Qual è il tempo di posa per fermare il lampo di uno sguardo? Qual è l’apertura necessaria a coglierne la profondità? Quale sensibilità occorre adottare per sondarne il pathos? Domande senza senso per chi ricerchi persino negli sconosciuti incrociati per strada la dolcezza, la concentrazione e la tristezza del primo sguardo che ha colpito l’animo in un tempo tanto remoto da sfumare ogni cosa nel sogno. Eppure c’era. Eppure la felicità ed insieme il dolore che quello sguardo ha lasciato scolpiti negli occhi e nella mente sono troppo vividi per essere stati solo immaginati.

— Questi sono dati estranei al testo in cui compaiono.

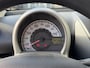 Toyota Aygo 1.0-12V Access Airco Radio CD 5 Deurs
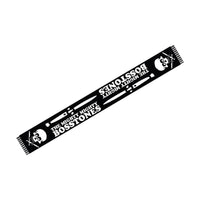 Thumbnail for Mighty Mighty Bosstones Dagger Scarf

Mi dai una sigaretta? Non ricordo più in quale lingua mi fu chiesto, ma ricordo molto bene le chiacchiere che da quella sigaretta scaturirono insieme al fumo. Venne fuori la storia di una persona che aveva lasciato il suo Paese per girare il mondo e correre l’avventura, cercare fortuna e trovare la rovina, che ricordava di avere visto l’Italia ma non rammentava più qual era quella grande città con il mare così azzurro e la gente così cordiale. Aveva trovato l’amore, grande, appassionato, violento e l’aveva perduto per gioco. E più parlava, più la bocca sdentata alternava sorrisi dolcissimi ed increspature di sofferenza ed il fumo rimaneva sempre più a lungo nei polmoni ormai saturi. Ti posso fotografare? gli ho chiesto. Si, mentre parliamo, ma bada: non di nascosto! Non era lo sguardo che cerco, non era il ricordo che mi insegue ma era la vita. Altrove ed in altri momenti altri sprazzi di vita, negli sguardi profondi, distratti ma assorti, silenziosi ma urlanti, ilari e delusi, tutto allo stesso tempo, mi hanno sfiorato e non scambierei la testimonianza di quegli istanti con nessuna splendida architettura e nessun sognante paesaggio, con nessun colore sgargiante e nessun chiarore stellare, quand’anche fosse la mia prima ed unica foto perfetta.
Di chi quel lontanissimo sguardo? Perché così caro e cercato? Ma poi, in fondo, non è la materia di cui son fatti i sogni?